## Text Classification

### Part 1) Similarity analysis

Below are 3 different texts. Calculate the level similarity between them and find out which of the texts are more similar to each other.

steps:

        - create the feature vector of each text

        - make all vectors compareable. it means that the same position in each vector should represent the same word
                
        To achieve this we have to:
                - create a unified vocabulary from the feature vectors
                - recreate the feature vectors ensuring that each position in the vectors represents the same word

Feature vector is a numerical representation a text. i.e., frequencies of a set of features/words in a text.
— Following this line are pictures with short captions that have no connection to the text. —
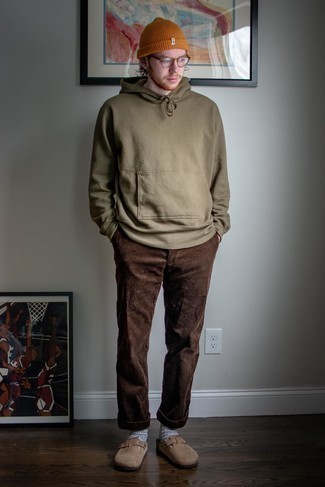 С чем носить бежевые замшевые монки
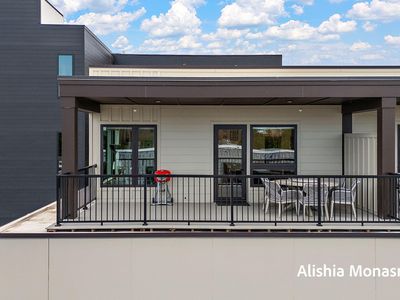 300 Washington Ave Suite 1, Grand Haven, MI, 49417
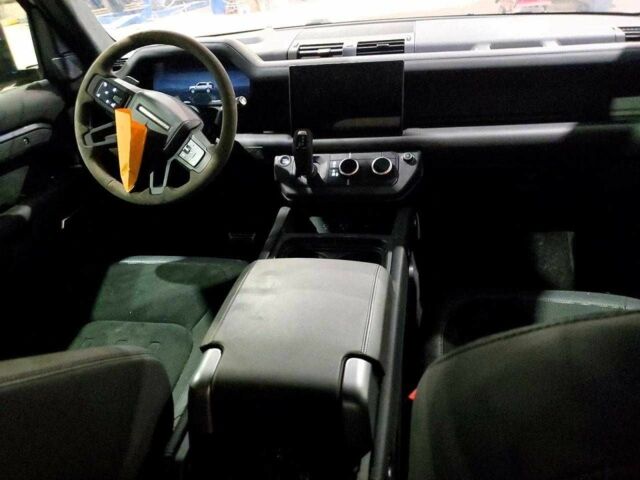 Серый Ленд Ровер Дефендер, объемом двигателя 3 л и пробегом 43 тыс. км за 21500 $, фото 7 на Automoto.ua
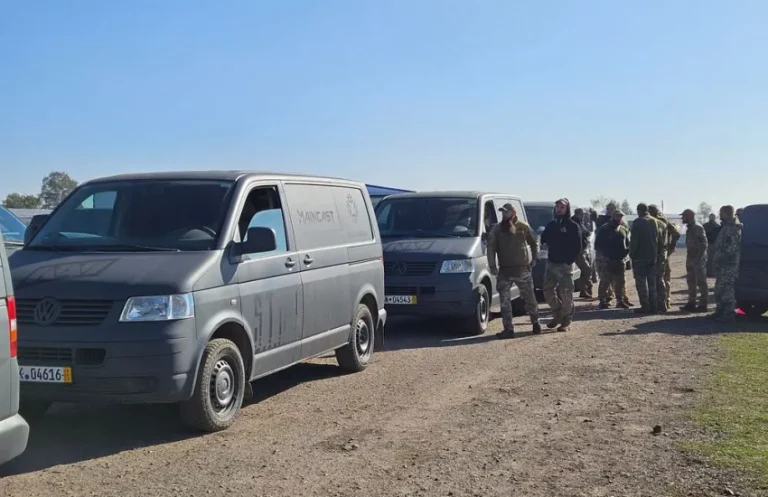 t7k3e3---c17x11x50px50p-c17x11x50px50p--8772f54ecf144844970d2a3c141c44a3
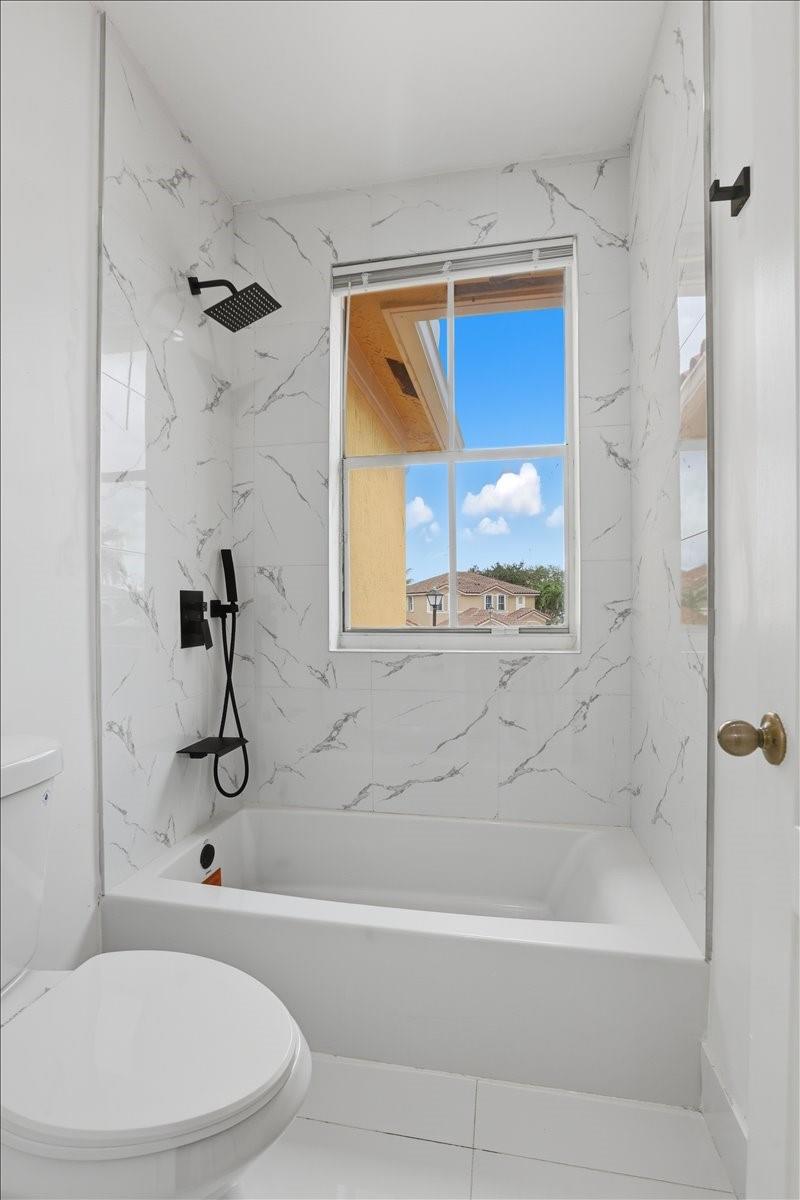 Nautica 164-36 B - Residential Lease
This type of vector representation is commonly used for tasks like text classification, clustering, or similarity analysis.

In [10]:
text1 = "The Jaccard coefficient or Jaccard index, also known as Intersection over Union, named after the Swiss botanist Paul Jaccard (1868–1944), is a measure of the similarity of sets. It is often referred to by its definition as IoU (Intersection over Union)."
text2 = "The Isabelline Ghost Bat (Diclidurus isabella or Diclidurus isabellus) is a bat species found in northern South America, belonging to the genus of American Ghost Bats. This species is the only representative of the subgenus Depanycteris, which was temporarily classified as a separate genus. Despite the isabelline-colored body parts, Oldfield Thomas may have referred to a person named Isabell in his initial description."
text3  = "The American Ghost Bats (Diclidurus) are a genus of bats from the family of Smooth-tailed Free-tailed Bats. Along with the White Bat, they are among the only bats that are light gray to white in color. They are native to the tropical regions of Central and South America."

In [11]:
# creating feature vector - frequencies of individual words or tokens

from collections import Counter
import nltk

stopwords = nltk.corpus.stopwords.words('english')

def count_text(text):
    tokens = nltk.word_tokenize(text, language='english') # tokenize the text
    tokens = [e for e in tokens if e.lower() not in stopwords] # remove stopwords and punctuations

    return Counter(tokens)

feature_vec1 = count_text(text1)
feature_vec2 = count_text(text2)
feature_vec3 = count_text(text3)

print('feature_vec1 ----------:', len(feature_vec1))
print(feature_vec1)

print('feature_vec2 ----------:', len(feature_vec2))
print(feature_vec2)

print('feature_vec3 ----------:', len(feature_vec3))
print(feature_vec3)

feature_vec1 ----------: 23
Counter({'Jaccard': 3, ',': 3, 'Intersection': 2, 'Union': 2, '(': 2, ')': 2, '.': 2, 'coefficient': 1, 'index': 1, 'also': 1, 'known': 1, 'named': 1, 'Swiss': 1, 'botanist': 1, 'Paul': 1, '1868–1944': 1, 'measure': 1, 'similarity': 1, 'sets': 1, 'often': 1, 'referred': 1, 'definition': 1, 'IoU': 1})
feature_vec2 ----------: 39
Counter({',': 3, '.': 3, 'Ghost': 2, 'Diclidurus': 2, 'species': 2, 'genus': 2, 'Isabelline': 1, 'Bat': 1, '(': 1, 'isabella': 1, 'isabellus': 1, ')': 1, 'bat': 1, 'found': 1, 'northern': 1, 'South': 1, 'America': 1, 'belonging': 1, 'American': 1, 'Bats': 1, 'representative': 1, 'subgenus': 1, 'Depanycteris': 1, 'temporarily': 1, 'classified': 1, 'separate': 1, 'Despite': 1, 'isabelline-colored': 1, 'body': 1, 'parts': 1, 'Oldfield': 1, 'Thomas': 1, 'may': 1, 'referred': 1, 'person': 1, 'named': 1, 'Isabell': 1, 'initial': 1, 'description': 1})
feature_vec3 ----------: 27
Counter({'.': 3, 'Bats': 2, 'bats': 2, 'American': 1, 'Ghost': 

In [12]:
# make all vectors compareable
vocabulary=[]

for feature in [feature_vec1, feature_vec2, feature_vec3]:
    for word in feature:
        vocabulary.append(word)

vocabulary = set(vocabulary)
print('vocabulary ----------:', len(vocabulary))
print(vocabulary)

feature_vec1_values = [feature_vec1.get(word, 0) for word in vocabulary]
feature_vec2_values = [feature_vec2.get(word, 0) for word in vocabulary]
feature_vec3_values = [feature_vec3.get(word, 0) for word in vocabulary]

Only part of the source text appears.